Легенды Сэнгоку. Книга 3. Страж севера
Шрифт:
–Да, олень и впрямь был превосходный!– восхищённо согласился Кагетора, вспоминая стать благородного зверя. Он отставил миску в сторону и взял другую, наполненную обычной похлёбкой с покрошенным в неё луком. – Пожалуй, я всё равно воздержусь от мяса.– князь отхлебнул суп, издал восторженный возглас, дабы не расстраивать Кагеие своим отказом и заявил. – Очень вкусно! Может тебе стоит завязать с битвами и отправится главным поваром в Касугаяму?

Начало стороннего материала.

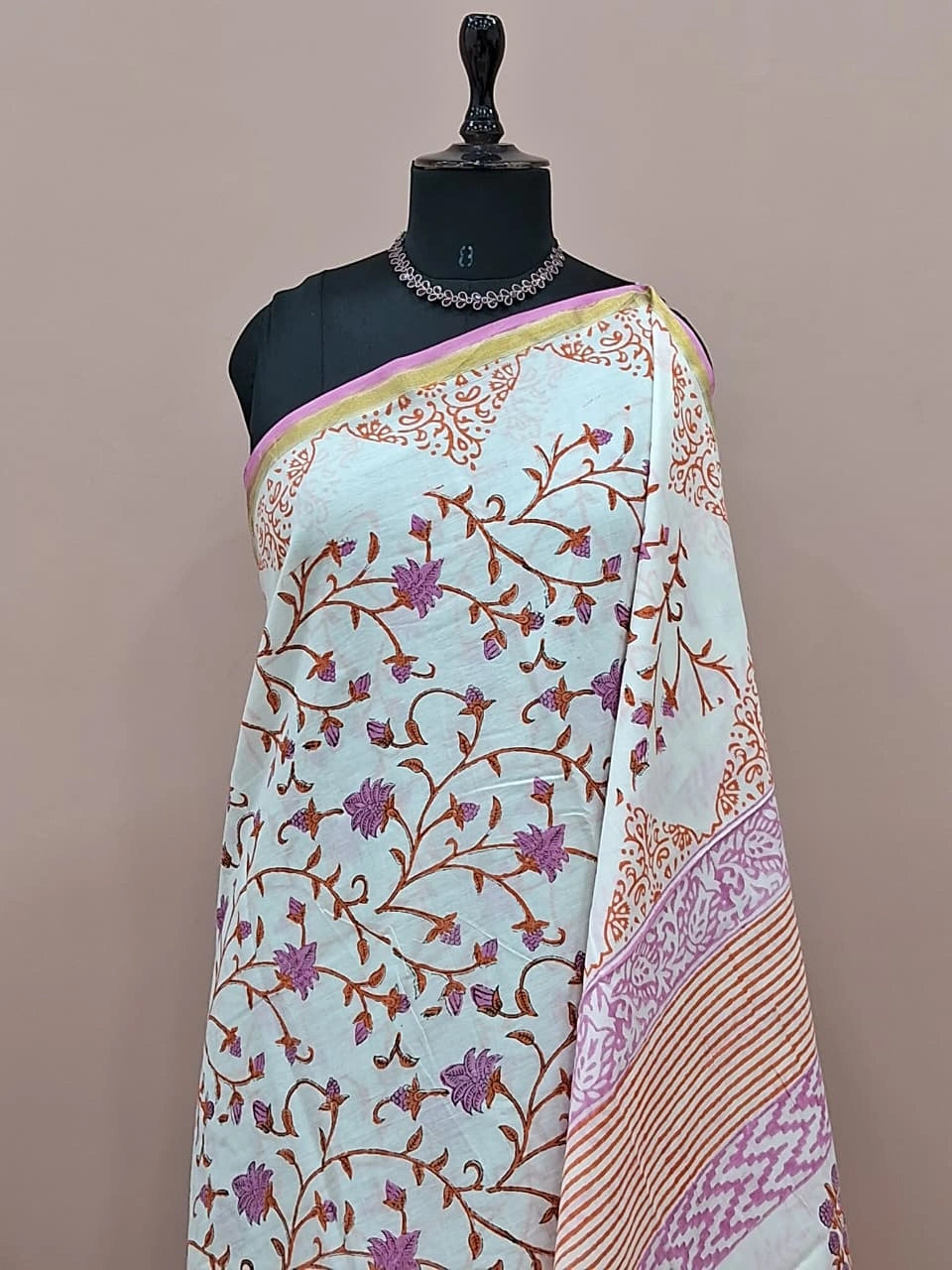 White mulmul zari cotton saree 1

– Господин, не шутите так!– обескураженно воскликнул Какидзаки.– Если вы отберёте у меня копьё и коня, мне просто незачем будет жить! Я конечно охотник, и могу о себе позаботиться в любых условиях, но сражение –
Кагетора лишь коротко хмыкнул. Кагеие плохо понимал шутки, или же сам князь просто не умел шутить. Но в одном Какидзаки был прав, он был воин до мозга костей, всегда и везде стремился быть первым и не отступать перед опасностью. Даже два его замка,– первый, не далеко от морского побережья и второй, в окрестностях, которого они сейчас находились, были построены таким образом, что возвышались на крутой горе и имели лишь по одному входу. Это говорило о том, что будь Кагеие в осаде, то он будет стоять до самого конца, не имея путей отхода.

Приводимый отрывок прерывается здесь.